Accepted: October 19, 2021 | Published Online: October 21, 2021

Impact of Crude Oil Emulsion on Pipeline Corrosion

Abstract


The objective of this work is to study the effect of emulsion formation on steel corrosion in a sweet environment in a laboratory scale. Field experience shows that improper sizing of pipelines in the petroleum industry is often caused by a lack of understanding of three-phase flows which are characterized by a gas phase flowing together with a brine-oil liquid phase. The emulsion formation in these systems plays an important role on the corrosion rates of steel pipelines. Therefore, the corrosiveness and stability of the brine-oil mixtures with different water cuts are systematically studied. The necessity to reduce costs in handling fluids requires a high flow rate with an inherent risk for turbulence influencing the stability of the brine-oil mixtures and the corrosion process of steel pipes. These conditions occur especially in offshore environments, in oil and gas productions, in chemical processes and in energy production industries. In previous work, multiphase-flow-loop tests were conducted for thirty hours using a centrifugal pump for promoting a mixture of 20% of light oil crude oil or heavy crude oil + 80% of deionized water, containing 15% of sodium chloride, at 40 ℃ under a CO2 partial pressure of 2.0 bar. In this work, emulsion tests were conducted with heavy, medium, and light crude oil with a water cut of 80% at 40 ℃ for thirty hours, under 1200 rpm stirring, in the presence of CO2. The emulsion stability evaluation was performed by Turbiscan Stability Index (TSI) based on multiple light scattering methods. A comparison between the obtained results in the multiphase-loop and in the Turbiscan Stability Index (TSI) tests showed that the higher emulsion stability contributed to the increase in the corrosion rates.

Keywords


Flow-induced corrosion, Emulsion systems, Pipeline corrosion, CO2 corrosion, Crude oil

Introduction


Emulsions are dispersions with one liquid phase in another and can exhibit stability in the presence of surfactants, macromolecules and solid particles adsorbed at the interface of both. At least two immiscible liquid phases must be present to form an emulsion. Therefore, it is important to know the behavior of a system constituted by a surfactant and two immiscible liquids, generally referred to as oil (O) and water (W) [1-3]. There are three types of emulsions: water-in-oil (W/O) emulsion, oil-in-water (O/W) emulsion and multiple emulsions [2,4].

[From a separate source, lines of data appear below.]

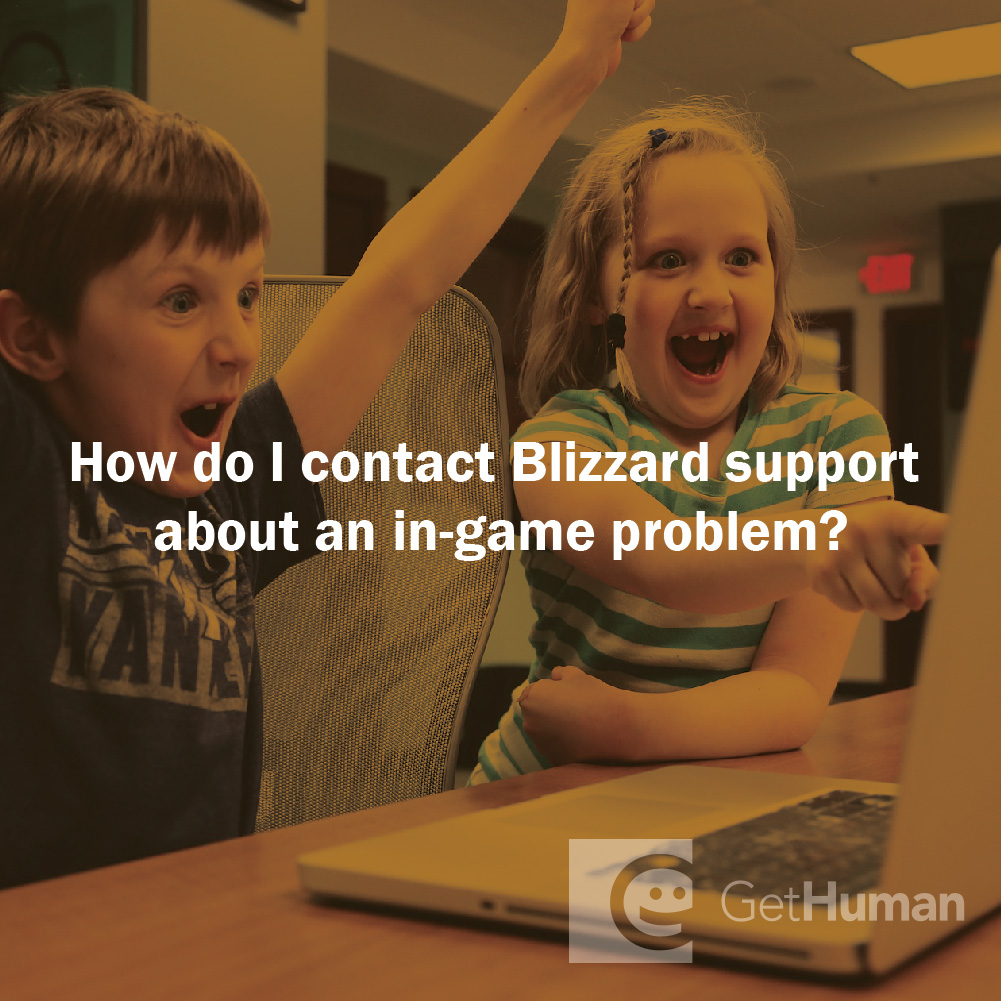 How do I contact Blizzard support about an in-game problem?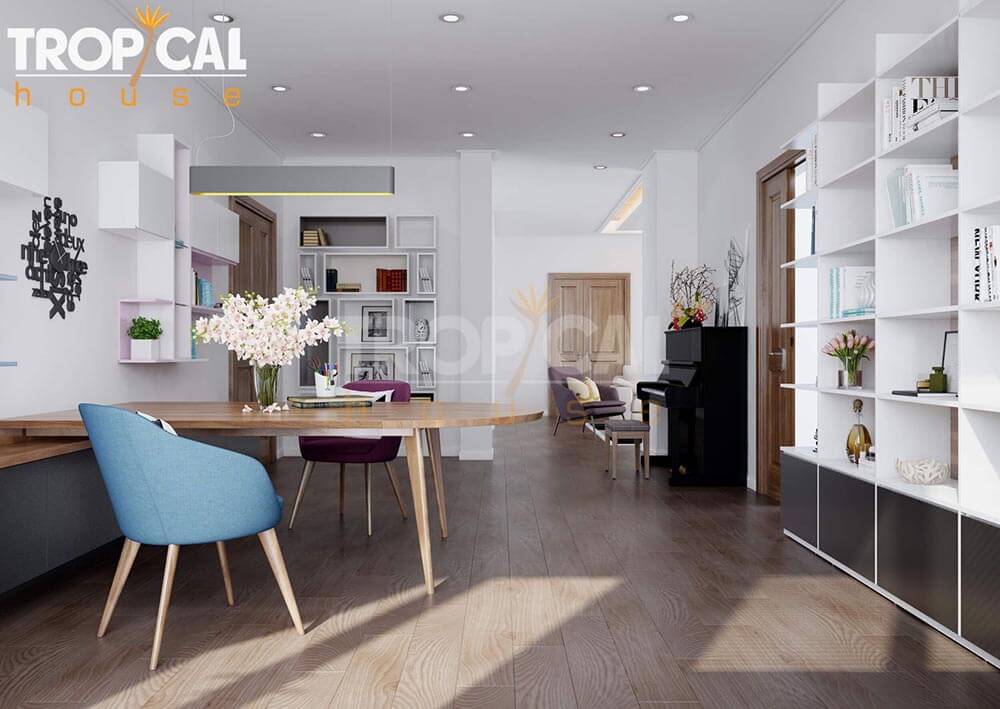 thiết kế nội thất nh&agrave; nhỏ diện t&iacute;ch 66m2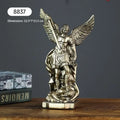 Resin St. Michael Archangel Statue – Catholic Altar Decor Gift Religious Figurine Nixie S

In emulsion studies, the main attention is focused on interparticle forces or colloid interactions and on the emulsion stability, in terms of demulsification. The work (thermodynamic) for emulsification can be defined as the product between the interfacial tension and the variation of the area generated by the process. This energy must remain stored for some time until the system follows the natural path of minimizing it by decreasing the interfacial area and consequent destruction of the dispersion. Despite their thermodynamic instability, many emulsions are kinetically stable and do not change for long periods. This happens because the barrier potential which prevents aggregation of the particles is high [2].

Oil wells produce single-phase crude oil at first, but it is common for water to occur after some time of production. The water content can be as high as 90% or more before the well becomes uneconomical and is shut down. Under these conditions, the two liquids can form emulsions with high viscosity. The result can be a gel with non-Newtonian properties, and its transportation can be as difficult as very viscous oil. Predicting whether such emulsions are likely to occur and evaluating whether they can cause serious problems typically involve both chemical analysis and flow calculations [5].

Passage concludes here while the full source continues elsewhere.